Thales Rail Signalling Solutions
- Company type: Division
- Industry: Rapid Transit Signalling
- Founded: December 31, 1998; 27 years ago
- Defunct: May 31, 2024
- Successor: Hitachi Rail
- Headquarters: Toronto, Ontario, Canada
- Products: SelTrac
- Number of employees: 2000
- Parent: Thales Group

= Thales Rail Signalling Solutions =

Rail automation products company

Thales Rail Signalling Solutions was a division of Thales Group that supplies transportation-based automation solutions for railways. Its operations are controlled from several locations:
- its head office in Paris, France
- its railway business divisional centers in Ditzingen and Berlin, Germany; Vienna, Austria; and Hengelo, the Netherlands
- its mass transit business divisional centre in Toronto, Ontario, Canada

==History==
The original moving block signaling system for rapid transit was introduced by Urban Transportation Development Corporation (an Ontario Crown corporation) for its Intermediate Capacity Transit System (ICTS). In 1985, the ICTS technology was successfully implemented on three new railway lines in North America, all of which continue to use the system today:
- SkyTrain (Vancouver, British Columbia) - original installation now part of the Expo Line and later used on new lines and extensions
- Scarborough RT (Toronto, Ontario), part of the Toronto subway network
- Detroit People Mover (Detroit, Michigan), opened in 1987

UTDC's rolling stock manufacturing operations were later absorbed by Bombardier Transportation, who divested the signalling technology to Alcatel-Lucent.
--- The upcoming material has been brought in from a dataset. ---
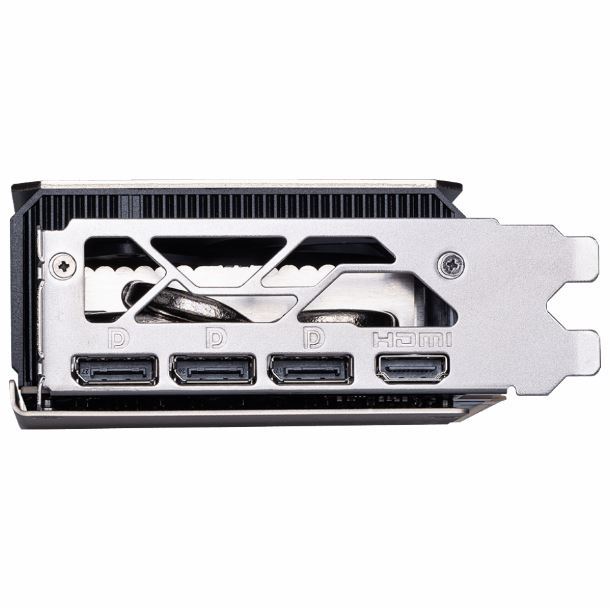 video-geforce-rtx-5080-16gb-msi-inspire-3x-oc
In April 2006, Thales Group announced it would be acquiring Alcatel Rail Signalling Solutions in a deal which also raised Alcatel's ownership of Thales to 21.66 percent.

In August 2021, Thales announced that the ground transportation business was to be sold to Hitachi Rail for €1,660 million. The process has been completed on May 31, 2024.

==Products==
Various railway signalling systems:
- SelTrac (communications-based train control for mass transit)
- AlTrac
- ComTrac
- NetTrac
- FieldTrac
- RBC (Radio Block Controller)
- OBU (OnBoard Unit)
- ETCS
- LZB

Besides its signalling solutions, Thales additionally develops electronic interlocking systems, axle counters that can replace track circuits, various types of point machines, and railway worker protection systems.